Maina laments a dangerous shift — from an era when tribal bargaining was whispered behind closed doors to today, when senior leaders rally crowds along ethnic lines without hesitation. “Never before in our history have tribal cards been played so boldly in the open,” he writes, singling out the trend of framing political alliances as “cousins” bound by ancestry.
This new brazenness, Maina warns, risks undoing the progress of the 2022 elections, when Kenya briefly saw ethnic voting patterns diluted. High-profile figures like former Deputy President Rigathi Gachagua, with his repeated calls for Kikuyu unity, have become the face of this reversion.
Wambugu, once Gachagua’s ally, says the former DP’s playbook — including his “one man, one shilling” revenue push — is designed to consolidate Mt. Kenya’s six million voters at the expense of national cohesion. Critics accuse him of building a tribal machine, not a unifying movement.
But Maina’s focus is bigger than one man. He draws from Kenya’s darkest chapters, warning that tribalism “has never delivered peace,” recalling the 2007 bloodshed that killed over 1,200 and displaced 600,000. “We cannot allow leaders to pet a dangerous animal in our home and then feign surprise when it bites,” he writes, urging Kenyans to reject hate-driven politics through protest and the ballot.
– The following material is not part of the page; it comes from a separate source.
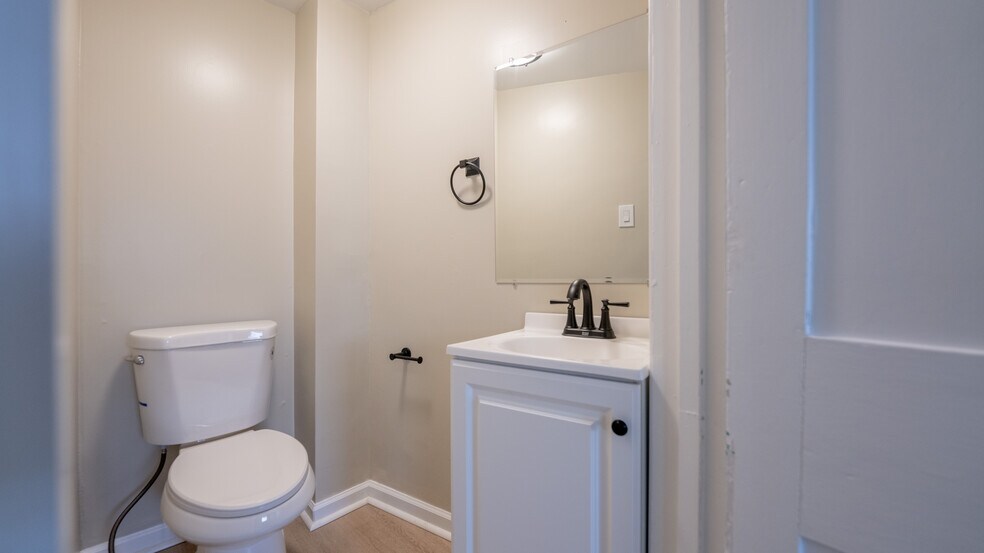More Photos Of 1017 E Carson St, Pittsburgh Storefront Retail Residential For Lease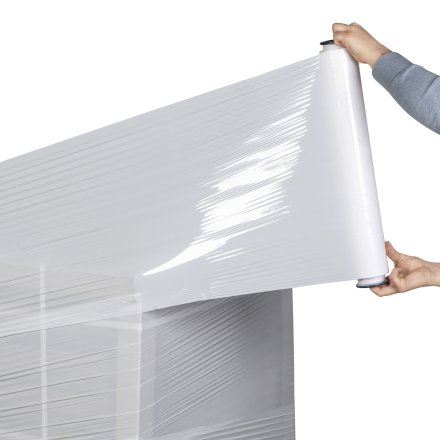 Folia stretch biała HarmadonThinCore™ 1,35kg / 23µm / 110m 6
His plea, amplified by Wambugu, is blunt: “In times like these, silence is betrayal.” With two years to go, Maina says the choice is stark — stop this “drunk driver’s” train now, or ride it into the wreckage history has already shown. As 2027 approaches, he warns, tribal politics could once again overshadow the real issues of governance, youth empowerment, and economic recovery.